**What needs to be done:** All of the data below is to be output exactly as written.

**Listed entries:**

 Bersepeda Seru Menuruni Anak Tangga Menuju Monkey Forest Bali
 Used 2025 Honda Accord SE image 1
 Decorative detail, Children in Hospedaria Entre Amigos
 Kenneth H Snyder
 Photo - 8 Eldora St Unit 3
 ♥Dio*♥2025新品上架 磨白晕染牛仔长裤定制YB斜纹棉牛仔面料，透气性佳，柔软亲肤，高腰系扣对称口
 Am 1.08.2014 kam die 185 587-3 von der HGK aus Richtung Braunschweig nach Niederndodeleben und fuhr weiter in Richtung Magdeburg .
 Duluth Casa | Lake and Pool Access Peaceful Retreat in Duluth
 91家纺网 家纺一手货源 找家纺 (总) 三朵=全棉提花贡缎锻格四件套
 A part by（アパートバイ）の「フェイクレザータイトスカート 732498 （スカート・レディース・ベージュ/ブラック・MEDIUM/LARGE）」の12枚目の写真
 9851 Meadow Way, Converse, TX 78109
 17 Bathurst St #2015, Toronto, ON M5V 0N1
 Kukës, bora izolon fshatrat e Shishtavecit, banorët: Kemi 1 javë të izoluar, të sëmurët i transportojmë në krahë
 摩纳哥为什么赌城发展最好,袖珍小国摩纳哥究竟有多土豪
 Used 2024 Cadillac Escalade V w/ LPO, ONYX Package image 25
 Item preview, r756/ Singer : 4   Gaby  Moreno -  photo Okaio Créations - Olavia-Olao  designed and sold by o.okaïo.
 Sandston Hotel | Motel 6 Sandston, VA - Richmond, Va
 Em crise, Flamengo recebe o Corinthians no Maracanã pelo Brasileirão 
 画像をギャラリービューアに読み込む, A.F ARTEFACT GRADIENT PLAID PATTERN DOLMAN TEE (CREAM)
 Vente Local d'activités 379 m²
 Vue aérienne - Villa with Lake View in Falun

**Exercise answer:**
 Bersepeda Seru Menuruni Anak Tangga Menuju Monkey Forest Bali
 Used 2025 Honda Accord SE image 1
 Decorative detail, Children in Hospedaria Entre Amigos
 Kenneth H Snyder
 Photo - 8 Eldora St Unit 3
 ♥Dio*♥2025新品上架 磨白晕染牛仔长裤定制YB斜纹棉牛仔面料，透气性佳，柔软亲肤，高腰系扣对称口
 Am 1.08.2014 kam die 185 587-3 von der HGK aus Richtung Braunschweig nach Niederndodeleben und fuhr weiter in Richtung Magdeburg .
 Duluth Casa | Lake and Pool Access Peaceful Retreat in Duluth
 91家纺网 家纺一手货源 找家纺 (总) 三朵=全棉提花贡缎锻格四件套
 A part by（アパートバイ）の「フェイクレザータイトスカート 732498 （スカート・レディース・ベージュ/ブラック・MEDIUM/LARGE）」の12枚目の写真
 9851 Meadow Way, Converse, TX 78109
 17 Bathurst St #2015, Toronto, ON M5V 0N1
 Kukës, bora izolon fshatrat e Shishtavecit, banorët: Kemi 1 javë të izoluar, të sëmurët i transportojmë në krahë
 摩纳哥为什么赌城发展最好,袖珍小国摩纳哥究竟有多土豪
 Used 2024 Cadillac Escalade V w/ LPO, ONYX Package image 25
 Item preview, r756/ Singer : 4   Gaby  Moreno -  photo Okaio Créations - Olavia-Olao  designed and sold by o.okaïo.
 Sandston Hotel | Motel 6 Sandston, VA - Richmond, Va
 Em crise, Flamengo recebe o Corinthians no Maracanã pelo Brasileirão 
 画像をギャラリービューアに読み込む, A.F ARTEFACT GRADIENT PLAID PATTERN DOLMAN TEE (CREAM)
 Vente Local d'activités 379 m²
 Vue aérienne - Villa with Lake View in Falun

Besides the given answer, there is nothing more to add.